Find the density function for $U_1=3Y$.

Answer to Problem 2E

The density function for $U_1=3Y$ is $f_{U_1}\left(u\right)=\frac{u^2}{18}\text{, }-3\le u\le 3$.

Explanation of Solution

Calculation:

From the given information, the probability density function for Y is $f\left(y\right)=\frac{3}{2}{y}^2,-1\le y\le 1$.

The distribution function for Y is,

$\begin{array}{c}{F}_Y\left(y\right)={\displaystyle \underset{-1}{\overset{y}{\int }}f\left(t\right)dt}\\ ={\displaystyle \underset{-1}{\overset{y}{\int }}\frac{3}{2}{t}^{2}dt}\\ =\frac{3}{2}{\left[\frac{t^3}{3}\right]}_{-1}^y\\ =\frac{1}{2}\left(y^3-1\right)\end{array}$

From the given information, the random variable $U_1$ is defined as $U_1=3Y$.
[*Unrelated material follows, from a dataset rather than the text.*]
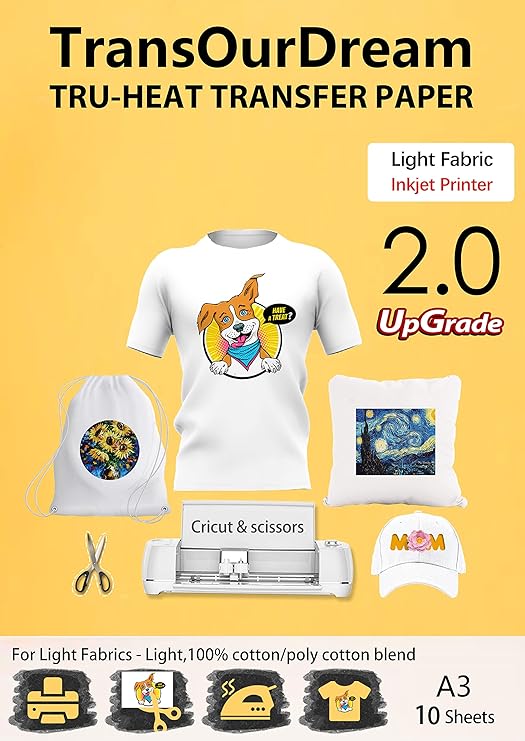 TransOurDream Tru-Iron on Heat Transfer Paper for Light Fabric (2nd Generation, A3, 10 Sheets) Printable Heat Transfer Vinyl for Inkjet Printer Iron On Transfers for White T-Shirts (TOD-6)
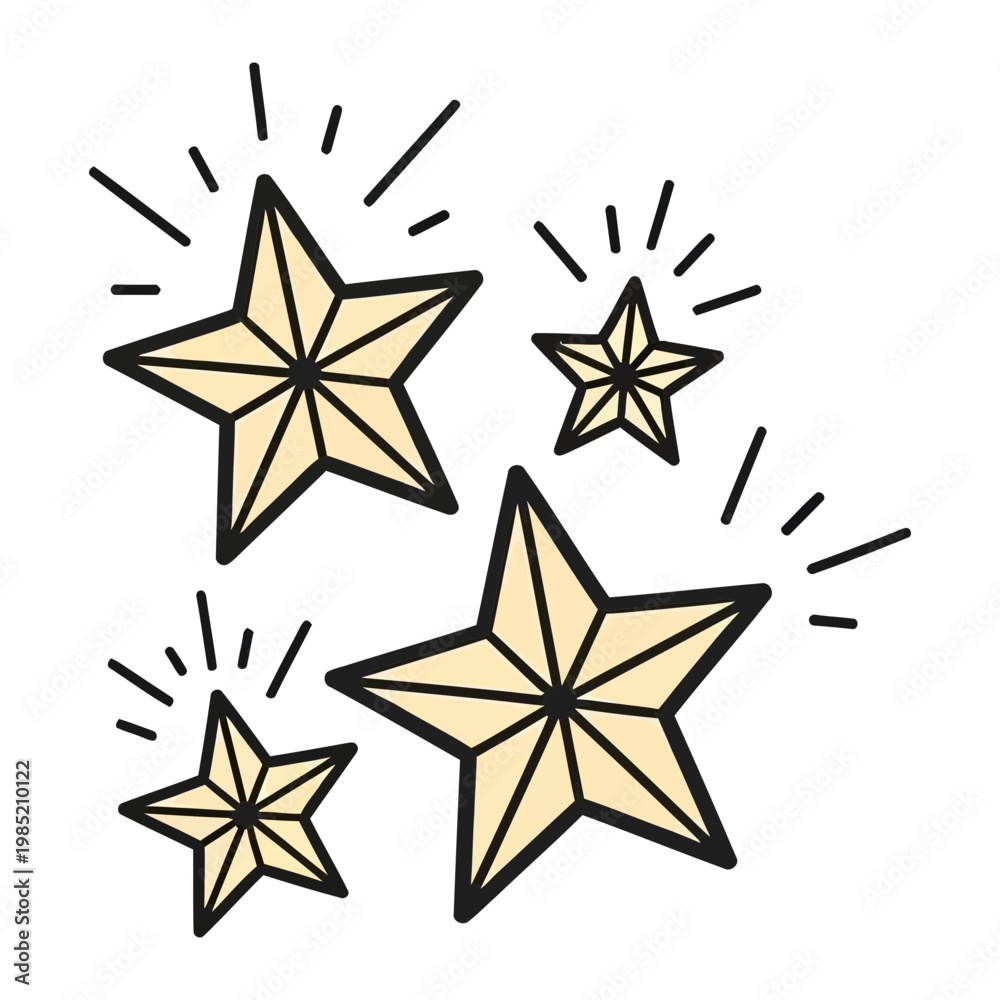 Obraz premium Hand-drawn stars with sparkle effects with each star emits radiating lines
Consider the distribution function for $U_1$,

$\begin{array}{c}{F}_{U_1}\left(u_1\right)=P\left(U_1\le u\right)\\ =P\left(3Y\le u\right)\\ =P\left(Y\le \frac{u}{3}\right)\\ =\frac{1}{2}\left[{\left(\frac{u}{3}\right)}^3-1\right]\end{array}$

Limits for the random variable U₁:

The range for the random variable Y is from  ̶ 1 to 1 and $U_1=3Y$.

For Y=  ̶ 1, the value of U₁ is  ̶ 3.

For $Y=1$, the value of U₁ is 3.

Hence, the range for the random variable U₁ is from  ̶ 3 to 3.
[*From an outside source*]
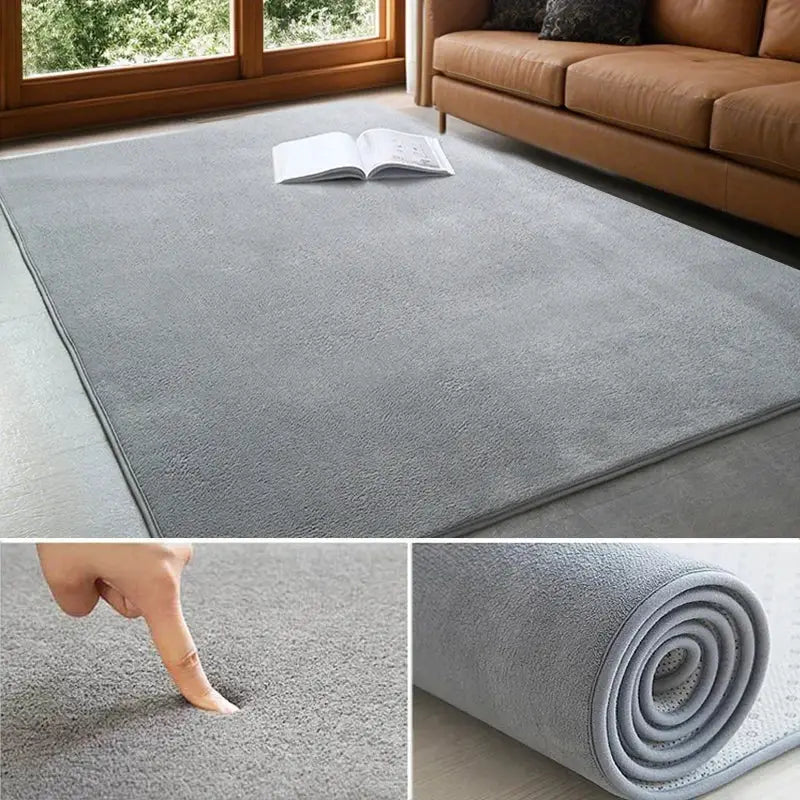 VIKAMA gray coral velvet carpet; large soft non-slip living room rug by Simples Market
The probability density function for $U_1$ is,

$\begin{array}{c}{f}_{U_1}\left(u\right)={F^{\prime }}_{U_1}\left(u\right)\\ =\frac{d}{du}\left(\frac{1}{2}\left[{\left(\frac{u}{3}\right)}^3-1\right]\right)\\ =\frac{1}{2}\times 3{\left(\frac{u}{3}\right)}^2\times \frac{1}{3}\\ =\frac{u^2}{18}\text{, }-3\le u\le 3\end{array}$

Thus, the density function for $U_1=3Y$ is $f_{U_1}\left(u\right)=\frac{u^2}{18}\text{, }-3\le u\le 3$.

b.

To determine

Find the density function for $U_2=3-Y$.

Answer to Problem 2E

The density function for $U_2=3-Y$ is $f_{U_2}\left(u\right)=\frac{3}{2}\times {\left(3-u\right)}^2,2\le u\le 4$.

Explanation of Solution

Calculation:

From the given information, $U_2=3-Y$.

Consider the distribution function for $U_2$,

$\begin{array}{c}{F}_{U_2}\left(u\right)=P\left(U_2\le u\right)\\ =P\left(3-Y\le u\right)\\ =P\left(-Y\le u-3\right)\\ =P\left(Y>3-u\right)\end{array}$

             $\begin{array}{c}=1-F\left(3-u\right)\\ =1-\frac{1}{2}\left[{\left(3-u\right)}^3-1\right]\\ =-\frac{1}{2}{\left(3-u\right)}^3+\frac{3}{2}\end{array}$

Limits for the random variable U₂:

The range for the random variable Y is from  ̶ 1 to 1 and $U_2=3-Y$.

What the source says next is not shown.